I currently hold a project title of Technical Director of Vanguard: Saga of Heroes. It is my enviable task to collect a crew of uniquely talented, insanely bright, and exceedingly hard working programmers to mold and create what is probably the most ambitious MMOG title ever. Then to top it all off, I was lucky enough to have Amanda Tarr, a well-known veteran of the industry, to be this project's Lead Programmer. It's a great job if you can get it, kind of like what being the manager for The Beatles must have been. Still, they won't just let me sit in my office and pat myself on the back all day, so I also write some code.

If you get past the fact that I've been programming longer than many of the company's employees have been alive, and the impending grey hairs from an ongoing, five-year project, life is good. Vanguard is on the brink of open beta, and every single month the game improves by 80+%.

Derek McDevitt: One of the biggest challenges that I've faced so far in this industry is to resist the pessimistic outcries of 'naysayers', or, people who immediately reject innovative and fun ideas because they are too insecure and stuck in the past.
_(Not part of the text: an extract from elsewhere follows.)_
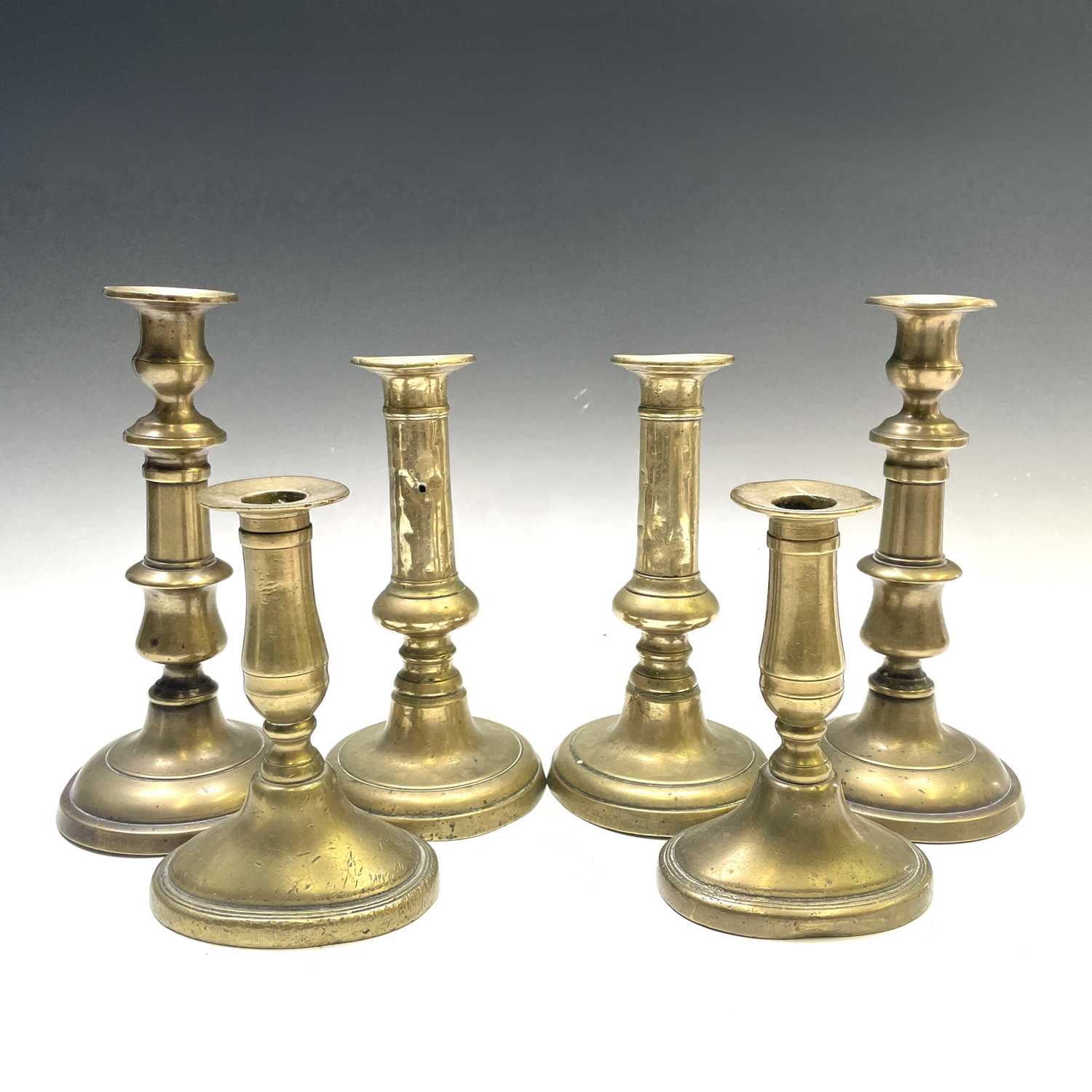 Lot 58 - Three pairs of Georgian brass candlesticks,...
The people who act in this manner are generally the 'old people', like my coworker Ryan Elam. Sure, some great things came from the past, like ice cream, the wheel, and power steering. But let's face it, if a videogame company was made up of a bunch of people like Ryan Elam, the only thing that company would do is sit around and forget what they were suppose to be working on while they reminisced about how good they all used to be at Ms. Pacman. The point I am trying to make is clear; without the youth, this industry would never evolve. Sure, the old guys know a lot of stuff; I'm not saying that they're completely useless. But without the insight and high energy of the young developer, the old guys might as well spend their time making time machines so they can go back and try to compete with calculators.
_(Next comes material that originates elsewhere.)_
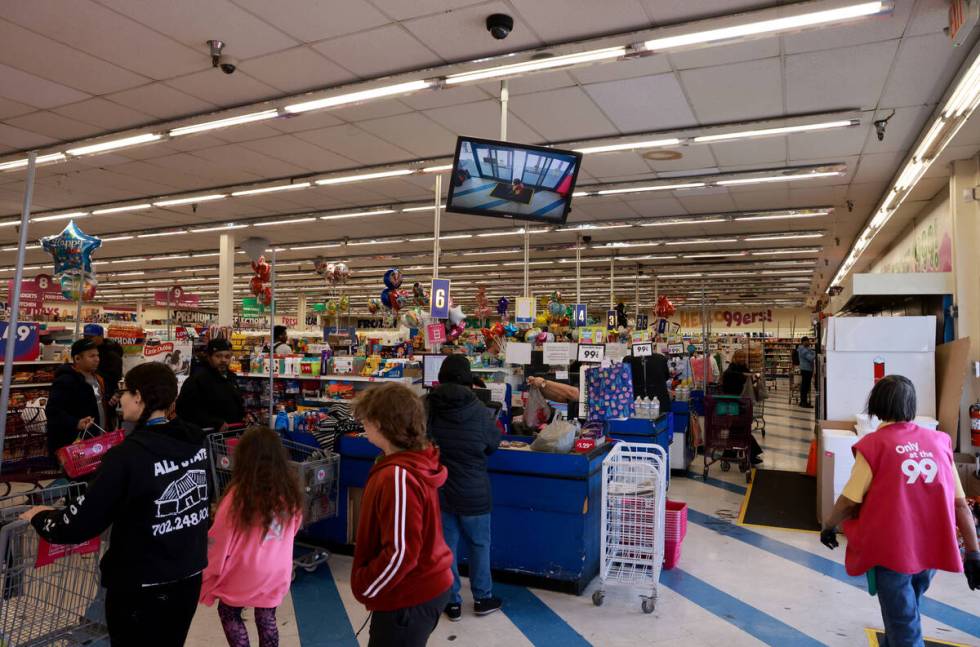 Shoppers make their purchases at the 99 Cents Only store at Flamingo Road and Maryland Parkway ...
Ryan Elam: One of the challenges that face us veteran developers is The New Guy. People like Derek who while eager, jumping around like an excited puppy, tend to distract from the real work that needs to be done to make a game. They come on board with their idealistic views and just see making games as a vacation, with ping pong tables and free soda. Let me tell you, Derek, your journey into the Real World of development has only just begun. See, while Derek's intro points out that this is his first job in the industry; he fails to mention that it's also his first job. For goodness sake, I knew seven programming languages by the time he was born. And when I think how much more work could get done if us veterans weren't constantly having to explain WHY we have a system the way it is to young pups who think they can just barge into your office and say "man, it would be so much better if you'd just do it THIS way...".